▶ _INSTRUCTIONS FOR THE TASK_
Since only part of the material below is wanted, output exactly the lines from the one with "尼日利亚博尔诺州的一个地区 在一个地理参考方块中被隔离在坚实的背景下 卫星图像" up to and including the one with "PAIGE Women's Off-White Denim Jacket".

▶ _MATERIAL FOR THIS TASK_
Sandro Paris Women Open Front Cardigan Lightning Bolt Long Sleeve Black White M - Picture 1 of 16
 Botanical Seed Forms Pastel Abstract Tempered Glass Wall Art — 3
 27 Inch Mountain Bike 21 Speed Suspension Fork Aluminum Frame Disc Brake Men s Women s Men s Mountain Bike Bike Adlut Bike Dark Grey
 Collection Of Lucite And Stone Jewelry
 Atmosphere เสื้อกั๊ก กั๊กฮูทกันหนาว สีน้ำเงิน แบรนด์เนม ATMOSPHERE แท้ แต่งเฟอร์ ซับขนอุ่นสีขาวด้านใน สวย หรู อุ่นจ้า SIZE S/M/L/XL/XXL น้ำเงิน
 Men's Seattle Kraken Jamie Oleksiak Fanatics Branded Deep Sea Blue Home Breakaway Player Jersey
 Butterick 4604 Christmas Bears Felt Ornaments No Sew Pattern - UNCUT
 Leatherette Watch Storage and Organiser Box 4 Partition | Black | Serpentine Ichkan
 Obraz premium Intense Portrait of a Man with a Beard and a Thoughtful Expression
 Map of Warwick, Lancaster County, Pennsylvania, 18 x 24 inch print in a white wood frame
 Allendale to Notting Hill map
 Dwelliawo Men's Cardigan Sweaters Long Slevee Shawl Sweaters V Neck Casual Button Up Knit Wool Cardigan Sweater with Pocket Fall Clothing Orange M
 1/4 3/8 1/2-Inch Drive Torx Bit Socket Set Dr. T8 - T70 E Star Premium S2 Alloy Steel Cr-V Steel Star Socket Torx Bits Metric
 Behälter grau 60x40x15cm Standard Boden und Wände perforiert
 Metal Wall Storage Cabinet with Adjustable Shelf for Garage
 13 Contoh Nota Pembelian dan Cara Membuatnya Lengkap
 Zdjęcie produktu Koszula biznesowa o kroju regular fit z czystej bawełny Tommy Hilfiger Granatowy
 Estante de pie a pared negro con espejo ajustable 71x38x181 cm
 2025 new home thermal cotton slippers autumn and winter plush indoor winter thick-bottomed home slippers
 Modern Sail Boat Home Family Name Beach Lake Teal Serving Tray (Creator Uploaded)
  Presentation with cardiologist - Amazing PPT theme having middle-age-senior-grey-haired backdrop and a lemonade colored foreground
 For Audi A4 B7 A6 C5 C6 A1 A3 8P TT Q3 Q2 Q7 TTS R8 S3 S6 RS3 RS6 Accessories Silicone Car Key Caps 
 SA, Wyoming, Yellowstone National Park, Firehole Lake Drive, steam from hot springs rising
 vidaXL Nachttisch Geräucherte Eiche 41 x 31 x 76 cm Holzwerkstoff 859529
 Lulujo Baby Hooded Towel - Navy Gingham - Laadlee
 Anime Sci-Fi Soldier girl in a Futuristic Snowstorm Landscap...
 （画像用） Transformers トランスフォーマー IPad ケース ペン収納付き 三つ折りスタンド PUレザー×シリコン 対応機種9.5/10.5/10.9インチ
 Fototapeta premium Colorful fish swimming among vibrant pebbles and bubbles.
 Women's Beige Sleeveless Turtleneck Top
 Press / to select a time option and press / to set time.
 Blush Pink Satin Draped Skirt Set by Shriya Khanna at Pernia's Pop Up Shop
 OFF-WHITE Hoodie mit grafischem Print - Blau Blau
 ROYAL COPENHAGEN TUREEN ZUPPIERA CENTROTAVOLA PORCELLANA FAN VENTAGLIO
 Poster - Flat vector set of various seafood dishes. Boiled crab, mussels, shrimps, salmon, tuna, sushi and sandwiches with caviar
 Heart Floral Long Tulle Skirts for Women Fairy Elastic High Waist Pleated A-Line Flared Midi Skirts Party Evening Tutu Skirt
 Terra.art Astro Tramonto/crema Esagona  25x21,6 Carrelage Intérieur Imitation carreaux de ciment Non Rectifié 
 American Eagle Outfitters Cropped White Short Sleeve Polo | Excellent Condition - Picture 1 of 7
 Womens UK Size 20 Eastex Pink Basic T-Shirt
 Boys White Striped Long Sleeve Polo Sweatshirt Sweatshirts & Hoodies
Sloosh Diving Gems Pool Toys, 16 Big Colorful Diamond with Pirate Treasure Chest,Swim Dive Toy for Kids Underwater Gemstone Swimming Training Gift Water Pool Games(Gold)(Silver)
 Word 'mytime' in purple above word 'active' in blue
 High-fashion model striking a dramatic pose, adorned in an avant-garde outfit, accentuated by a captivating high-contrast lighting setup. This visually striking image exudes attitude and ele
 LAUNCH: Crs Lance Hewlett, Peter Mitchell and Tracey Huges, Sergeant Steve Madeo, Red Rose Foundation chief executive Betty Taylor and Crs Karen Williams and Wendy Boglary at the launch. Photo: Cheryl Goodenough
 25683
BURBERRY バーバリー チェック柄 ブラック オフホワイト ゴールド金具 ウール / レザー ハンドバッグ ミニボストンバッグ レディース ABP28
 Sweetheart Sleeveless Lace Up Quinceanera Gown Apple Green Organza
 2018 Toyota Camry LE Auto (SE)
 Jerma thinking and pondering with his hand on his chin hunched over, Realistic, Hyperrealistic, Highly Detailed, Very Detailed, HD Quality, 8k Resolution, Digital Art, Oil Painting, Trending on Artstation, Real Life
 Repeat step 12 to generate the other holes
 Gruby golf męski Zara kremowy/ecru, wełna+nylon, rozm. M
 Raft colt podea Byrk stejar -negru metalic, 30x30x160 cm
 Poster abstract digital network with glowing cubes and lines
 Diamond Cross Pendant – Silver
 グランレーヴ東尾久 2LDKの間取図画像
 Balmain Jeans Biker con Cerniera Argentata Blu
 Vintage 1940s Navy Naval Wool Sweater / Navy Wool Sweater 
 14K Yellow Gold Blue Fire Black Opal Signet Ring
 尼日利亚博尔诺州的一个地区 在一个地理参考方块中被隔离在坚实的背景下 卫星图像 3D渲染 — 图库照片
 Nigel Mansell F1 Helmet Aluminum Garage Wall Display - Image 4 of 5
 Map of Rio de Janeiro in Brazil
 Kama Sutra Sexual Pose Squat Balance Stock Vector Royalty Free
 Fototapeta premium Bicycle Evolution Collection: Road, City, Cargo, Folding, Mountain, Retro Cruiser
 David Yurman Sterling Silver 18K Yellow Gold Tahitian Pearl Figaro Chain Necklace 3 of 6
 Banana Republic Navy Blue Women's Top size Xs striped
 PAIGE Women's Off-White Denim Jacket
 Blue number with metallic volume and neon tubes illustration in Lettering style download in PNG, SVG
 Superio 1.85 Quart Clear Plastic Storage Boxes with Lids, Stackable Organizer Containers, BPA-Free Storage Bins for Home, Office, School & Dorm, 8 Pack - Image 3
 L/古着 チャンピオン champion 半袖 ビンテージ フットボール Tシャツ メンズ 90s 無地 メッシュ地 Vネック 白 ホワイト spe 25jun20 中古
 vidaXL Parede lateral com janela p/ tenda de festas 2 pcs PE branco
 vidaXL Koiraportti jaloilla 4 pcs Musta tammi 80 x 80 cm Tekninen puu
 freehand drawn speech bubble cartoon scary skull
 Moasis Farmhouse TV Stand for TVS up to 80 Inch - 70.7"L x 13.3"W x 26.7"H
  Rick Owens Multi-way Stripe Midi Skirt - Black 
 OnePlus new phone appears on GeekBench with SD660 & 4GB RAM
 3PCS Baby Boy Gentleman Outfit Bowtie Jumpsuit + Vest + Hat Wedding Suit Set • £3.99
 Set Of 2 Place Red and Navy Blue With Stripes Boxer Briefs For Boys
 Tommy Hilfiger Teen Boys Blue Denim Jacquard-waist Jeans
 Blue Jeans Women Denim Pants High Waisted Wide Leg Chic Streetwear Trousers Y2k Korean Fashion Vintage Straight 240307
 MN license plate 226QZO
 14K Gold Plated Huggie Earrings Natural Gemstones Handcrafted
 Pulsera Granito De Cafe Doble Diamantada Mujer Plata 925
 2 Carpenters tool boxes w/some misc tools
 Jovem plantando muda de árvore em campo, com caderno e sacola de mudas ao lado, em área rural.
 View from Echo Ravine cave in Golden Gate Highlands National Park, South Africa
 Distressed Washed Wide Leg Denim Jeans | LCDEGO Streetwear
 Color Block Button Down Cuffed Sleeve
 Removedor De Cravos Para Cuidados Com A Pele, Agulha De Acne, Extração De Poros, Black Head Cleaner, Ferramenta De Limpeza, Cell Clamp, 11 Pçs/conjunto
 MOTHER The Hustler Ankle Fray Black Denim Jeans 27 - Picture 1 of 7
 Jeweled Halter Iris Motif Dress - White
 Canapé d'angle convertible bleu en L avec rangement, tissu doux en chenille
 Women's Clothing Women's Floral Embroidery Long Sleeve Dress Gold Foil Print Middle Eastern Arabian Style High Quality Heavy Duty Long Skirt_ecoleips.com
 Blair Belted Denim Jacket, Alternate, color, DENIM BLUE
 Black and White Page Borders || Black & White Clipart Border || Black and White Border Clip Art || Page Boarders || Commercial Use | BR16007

▶ _REPLY_
 尼日利亚博尔诺州的一个地区 在一个地理参考方块中被隔离在坚实的背景下 卫星图像 3D渲染 — 图库照片
 Nigel Mansell F1 Helmet Aluminum Garage Wall Display - Image 4 of 5
 Map of Rio de Janeiro in Brazil
 Kama Sutra Sexual Pose Squat Balance Stock Vector Royalty Free
 Fototapeta premium Bicycle Evolution Collection: Road, City, Cargo, Folding, Mountain, Retro Cruiser
 David Yurman Sterling Silver 18K Yellow Gold Tahitian Pearl Figaro Chain Necklace 3 of 6
 Banana Republic Navy Blue Women's Top size Xs striped
 PAIGE Women's Off-White Denim Jacket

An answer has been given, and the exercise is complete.